65 articles and counting

A Sketch of RiverBear

OpenLDAP gets a lot of things right. It gives developers the opportunity to make really progressive designs which respect a user’s privacy and provides good security.

Unfortunately it also gets many things wrong, when viewed from a web applications perspective.

Three core issues:

  • Long lived connections
  • Antiquated schema design
  • monolithic architecture

Let’s just focus on the last item, the monolithic architecture.

Here is roughly slapd’s architecture.

Looking at search – it’s fantastic that it provides a search mechanism, but how can you get funky with the search engine? Learn C! Fork OpenLDAP :)

What subsystems are tightly coupled to search?

  • Schema design
  • ACL
  • Data Storage
  • LDAP protocol

How do you switch search engines? You can’t… That is the trouble with monolithic designs.

What we want is a system filled with loosely coupled components. Use native search one day, but swap it out for Elastic Search the next. We want a data service which can be scaled across many different servers, so I can run a search cluster on some nodes, the data storage layer on some nodes, etc.

There is a very good reason that OpenLDAP is monolithic… ACL are deeply baked in and affect most other subsystems. When you search ‘cute kittens’, you don’t just get everything. You get results that contain ‘cute kittens’, but subject to the currently authenticated user and their trusted roles in the system. You may get none, a subset, or all of the records relating to these adorable creatures.

Most modern web applications use only one or perhaps a few credentials to access all data and then trust the business logic to enforce privacy and security constraints. How many systems have you worked on that had only web, admin, and replication accounts for mysql?

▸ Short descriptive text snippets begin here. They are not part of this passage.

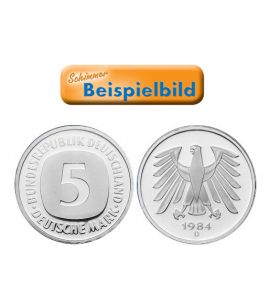 Deutschland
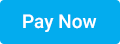 Pay Now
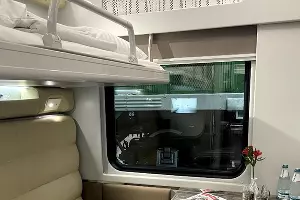  &copy;&nbsp;Фото Федеральной пассажирской компании https://t.me/luchshepoezdom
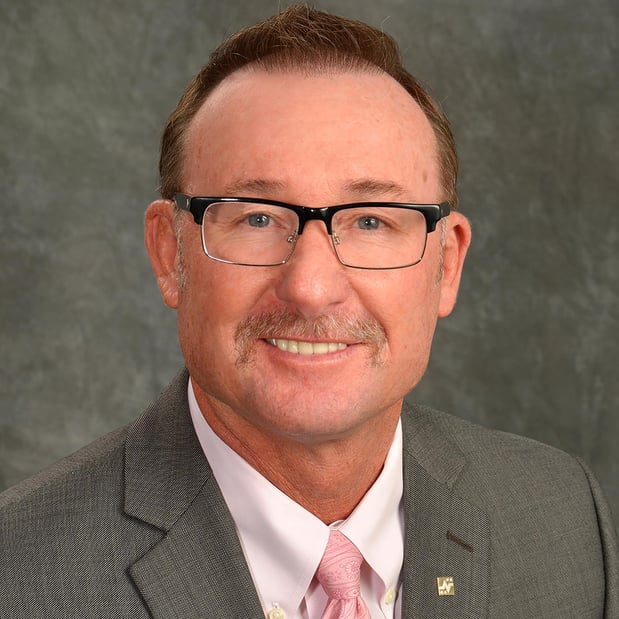 Images Edward Jones - Financial Advisor: Kevin M Thompson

What if we had a web oriented data store that respected user privacy as deeply as possible? Your web application would be just another user agent.

It would be an interesting exercise to explode this architecture into contemporary standards, protocols, and established products.

A hypothetical architecture, let’s call it RiverBear:

In this diagram we see authentication via BrowserID and authorization via a new service, say RiverBearGroups (ACL as webservice). This service returns portable data such as jpeg, portable contacts, html, JSON, etc. Iterating a collection of data could be done via ActivityStreams.

We see RiverBear coordinating these stand bits of data via Search (ElasticSearch, Sphinx, whatever), file systems, and backend datastores like Drizzle/MySQL/CouchDB/MongoDB or whatever.

To improve performance and deployment flexibility, a RiverBear plugin could later be added (to subsystems with plugin architectures) which would filter out data at the lowest layer possible. Example: RiverBear-Drizzle would use your current authentication and authorization to throw any unauthorized data or raise errors for modifications. Regardless, this would be done on the frontend, so without the plugin it is secure (but less efficient).

There are many challenges to imagining this new service. How do ACLs and schema relate? Hierarchical and graph oriented stores seem natural, but can this work with document, column or relational stores? Security and privacy come at performance or scaling costs, is it worth it? For which types of systems?

RiverBear is just a thought experiment at this point… what are your ideas? Feedback?

3 Responses to “A Sketch of RiverBear”

1
Ludovic - 26/08/11
Did you look at apache directory server ?
2
ozten - 26/08/11
I haven't looked at apache directory server. I'm thinking about a non-LDAP protocol. No persistent connections. No LDIF. No LDAP Schema.

Besides the protocol, is directory server more flexible and lest monolithic than OpenLDAP?
3
Daniel Einspanjer - 26/08/11
A lot of what you are talking about here is what the Metrics team is delivering with our Bagheera service. A distributed and flexible transport layer that provides a convenient place to inject backend business logic where necessary and decoupled from the various data stores that we want to use.

The big piece we are missing is authentication and authorization. I've thought about whether we could integrate LDAP to provide those two features or whether we would need something else entirely.

I'd be very interested in hearing ideas on how that could be roped in to bagheera.
https://github.com/mozilla-metrics/bagheera